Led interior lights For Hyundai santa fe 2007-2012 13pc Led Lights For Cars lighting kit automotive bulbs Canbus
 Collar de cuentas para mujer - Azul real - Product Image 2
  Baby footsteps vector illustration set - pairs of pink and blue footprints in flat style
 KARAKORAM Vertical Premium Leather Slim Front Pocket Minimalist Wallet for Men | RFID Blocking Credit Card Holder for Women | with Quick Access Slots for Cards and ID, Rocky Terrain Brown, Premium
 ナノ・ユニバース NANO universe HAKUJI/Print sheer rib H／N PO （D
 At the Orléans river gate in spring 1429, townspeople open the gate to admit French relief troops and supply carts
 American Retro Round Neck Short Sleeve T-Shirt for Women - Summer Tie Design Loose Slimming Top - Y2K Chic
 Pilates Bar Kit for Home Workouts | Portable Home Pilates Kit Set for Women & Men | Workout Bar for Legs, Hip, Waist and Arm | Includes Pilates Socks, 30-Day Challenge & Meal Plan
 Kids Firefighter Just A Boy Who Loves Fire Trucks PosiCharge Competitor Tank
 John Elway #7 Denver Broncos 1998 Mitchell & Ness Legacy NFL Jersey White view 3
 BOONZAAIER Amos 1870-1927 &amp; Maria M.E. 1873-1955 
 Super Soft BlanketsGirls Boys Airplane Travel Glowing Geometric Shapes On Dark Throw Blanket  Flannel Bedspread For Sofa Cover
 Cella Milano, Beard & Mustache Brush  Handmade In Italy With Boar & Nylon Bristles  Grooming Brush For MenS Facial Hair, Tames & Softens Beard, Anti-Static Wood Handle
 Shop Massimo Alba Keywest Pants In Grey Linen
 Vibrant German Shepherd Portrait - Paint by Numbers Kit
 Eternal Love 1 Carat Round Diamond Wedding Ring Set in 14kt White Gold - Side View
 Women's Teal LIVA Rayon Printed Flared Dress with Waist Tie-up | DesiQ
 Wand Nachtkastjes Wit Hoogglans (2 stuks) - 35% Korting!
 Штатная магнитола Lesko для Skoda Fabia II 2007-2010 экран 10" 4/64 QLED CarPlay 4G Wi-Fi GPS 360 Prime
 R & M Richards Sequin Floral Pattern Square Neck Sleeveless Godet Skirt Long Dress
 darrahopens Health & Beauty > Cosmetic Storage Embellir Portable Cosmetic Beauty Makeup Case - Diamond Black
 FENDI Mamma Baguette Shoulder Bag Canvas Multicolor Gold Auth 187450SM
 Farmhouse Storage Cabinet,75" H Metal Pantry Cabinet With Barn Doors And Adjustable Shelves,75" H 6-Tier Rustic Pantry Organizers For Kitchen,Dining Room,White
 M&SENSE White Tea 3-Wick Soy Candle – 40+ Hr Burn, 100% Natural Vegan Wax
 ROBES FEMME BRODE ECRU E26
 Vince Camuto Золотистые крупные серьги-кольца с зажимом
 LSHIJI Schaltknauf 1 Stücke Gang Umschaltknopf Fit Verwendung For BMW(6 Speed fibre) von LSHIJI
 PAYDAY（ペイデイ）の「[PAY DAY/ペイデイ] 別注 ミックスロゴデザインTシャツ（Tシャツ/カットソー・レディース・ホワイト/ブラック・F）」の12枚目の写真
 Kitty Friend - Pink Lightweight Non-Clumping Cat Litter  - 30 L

===============

## WHAT YOU ARE ASKED TO DO
Copy out all of the records, keeping every line identical.

## RESPONSE BOX
Led interior lights For Hyundai santa fe 2007-2012 13pc Led Lights For Cars lighting kit automotive bulbs Canbus
 Collar de cuentas para mujer - Azul real - Product Image 2
  Baby footsteps vector illustration set - pairs of pink and blue footprints in flat style
 KARAKORAM Vertical Premium Leather Slim Front Pocket Minimalist Wallet for Men | RFID Blocking Credit Card Holder for Women | with Quick Access Slots for Cards and ID, Rocky Terrain Brown, Premium
 ナノ・ユニバース NANO universe HAKUJI/Print sheer rib H／N PO （D
 At the Orléans river gate in spring 1429, townspeople open the gate to admit French relief troops and supply carts
 American Retro Round Neck Short Sleeve T-Shirt for Women - Summer Tie Design Loose Slimming Top - Y2K Chic
 Pilates Bar Kit for Home Workouts | Portable Home Pilates Kit Set for Women & Men | Workout Bar for Legs, Hip, Waist and Arm | Includes Pilates Socks, 30-Day Challenge & Meal Plan
 Kids Firefighter Just A Boy Who Loves Fire Trucks PosiCharge Competitor Tank
 John Elway #7 Denver Broncos 1998 Mitchell & Ness Legacy NFL Jersey White view 3
 BOONZAAIER Amos 1870-1927 &amp; Maria M.E. 1873-1955 
 Super Soft BlanketsGirls Boys Airplane Travel Glowing Geometric Shapes On Dark Throw Blanket  Flannel Bedspread For Sofa Cover
 Cella Milano, Beard & Mustache Brush  Handmade In Italy With Boar & Nylon Bristles  Grooming Brush For MenS Facial Hair, Tames & Softens Beard, Anti-Static Wood Handle
 Shop Massimo Alba Keywest Pants In Grey Linen
 Vibrant German Shepherd Portrait - Paint by Numbers Kit
 Eternal Love 1 Carat Round Diamond Wedding Ring Set in 14kt White Gold - Side View
 Women's Teal LIVA Rayon Printed Flared Dress with Waist Tie-up | DesiQ
 Wand Nachtkastjes Wit Hoogglans (2 stuks) - 35% Korting!
 Штатная магнитола Lesko для Skoda Fabia II 2007-2010 экран 10" 4/64 QLED CarPlay 4G Wi-Fi GPS 360 Prime
 R & M Richards Sequin Floral Pattern Square Neck Sleeveless Godet Skirt Long Dress
 darrahopens Health & Beauty > Cosmetic Storage Embellir Portable Cosmetic Beauty Makeup Case - Diamond Black
 FENDI Mamma Baguette Shoulder Bag Canvas Multicolor Gold Auth 187450SM
 Farmhouse Storage Cabinet,75" H Metal Pantry Cabinet With Barn Doors And Adjustable Shelves,75" H 6-Tier Rustic Pantry Organizers For Kitchen,Dining Room,White
 M&SENSE White Tea 3-Wick Soy Candle – 40+ Hr Burn, 100% Natural Vegan Wax
 ROBES FEMME BRODE ECRU E26
 Vince Camuto Золотистые крупные серьги-кольца с зажимом
 LSHIJI Schaltknauf 1 Stücke Gang Umschaltknopf Fit Verwendung For BMW(6 Speed fibre) von LSHIJI
 PAYDAY（ペイデイ）の「[PAY DAY/ペイデイ] 別注 ミックスロゴデザインTシャツ（Tシャツ/カットソー・レディース・ホワイト/ブラック・F）」の12枚目の写真
 Kitty Friend - Pink Lightweight Non-Clumping Cat Litter  - 30 L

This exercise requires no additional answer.